Magnetic Ring Could Launch Satellites, Weapons

MattSparkes writes, "A new study funded by the US Air Force has suggested a cheaper method of sending satellites (possibly missile weapons) into orbit. A 2-km-wide ring of superconducting magnets would contain and propel a payload, accelerating it over a period of hours, before suddenly flinging the satellite into space at 23 times the speed of sound. The satellites would be engineered to withstand the g-forces encountered (2,000 g), and be cased in an aerodynamic shell. A two-year study has been commisioned and will begin within a few weeks at LaunchPoint Technologies in Goleta, California." New Scientist points out that if such a launch ring were built, it would instantly become "one of the most important targets on the planet."

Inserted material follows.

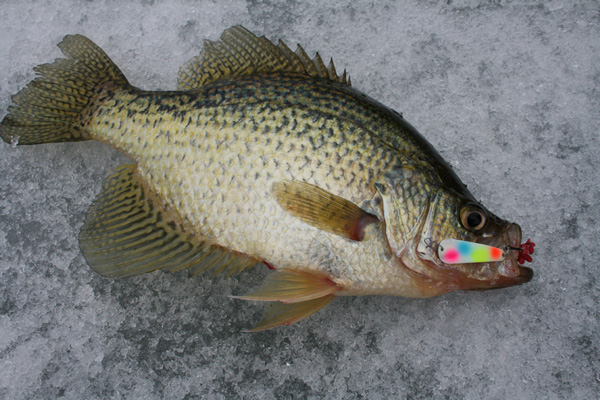 The wonderglow 1/8th ounce Slender Spoon is great for crappie, white bass and walleye!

"Moon is a Harsh Mistress" anybody??

[Churla]

Am I the only one seeing the parallel?

Re:"Moon is a Harsh Mistress" anybody??

[Bob-taro]

Just fill the passenger compartment (and passenger's lungs) with an 02 saturated liquid and accelleration ceases to be an issue.

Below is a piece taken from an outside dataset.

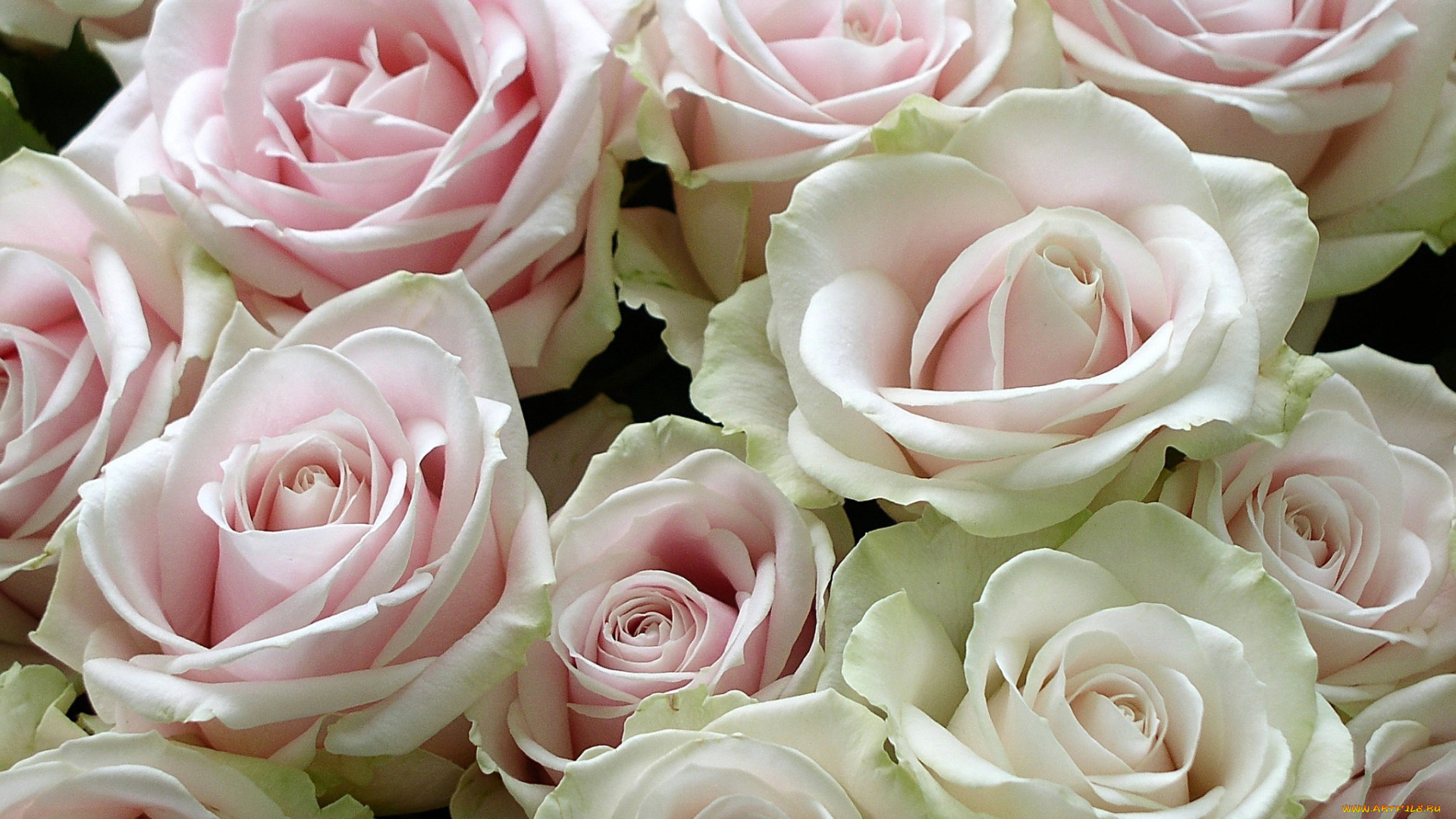 цветы, розы, много, розовый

Sounds good at first, but look what happens in a lab centrifuge -- you'd probably wind up with all your tissues separated into layers of equal density (with the "O2 saturated liquid" somewhere in the middle)!

Re:"Moon is a Harsh Mistress" anybody??

[doctor_nation]

I was at a presentation last week by the guys in this article.

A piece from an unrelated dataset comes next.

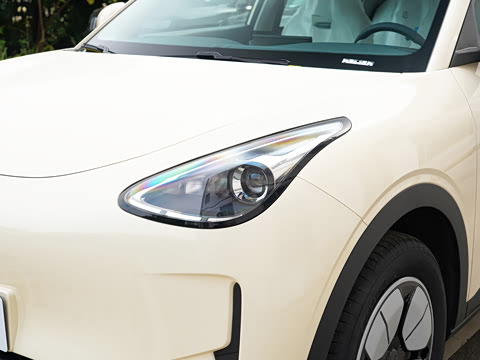 2025�� 310km �ഺ��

The track design is based on particle colliders, so the entire thing is evacuated. Part of it is a rough vacuum and part is a hard vaccum (the actual track). The rough vacuum is because they have to limit thermal transfer to their super-cooled superconducting magnets.

The acceleration is actually not linear- it's radial. Going around a 2km track at 10km/s has some hefty acceleration associated with it. When ejected into the atmosphere, the projectile shouldn't immediately slow a great deal, although it will lose a lot of momentum before leaving the atmosphere. The design is a very long and skinny cone, to reduce thermal heating and drag force.

The best thing about this design for a launcher is that it doesn't require a lot of instantaneous power, unlike a linear accelerator. You can accelerate slowly.

Also, did anyone else immediately think of Xenogears when they saw this?

Re:"Moon is a Harsh Mistress" anybody??

[theshowmecanuck]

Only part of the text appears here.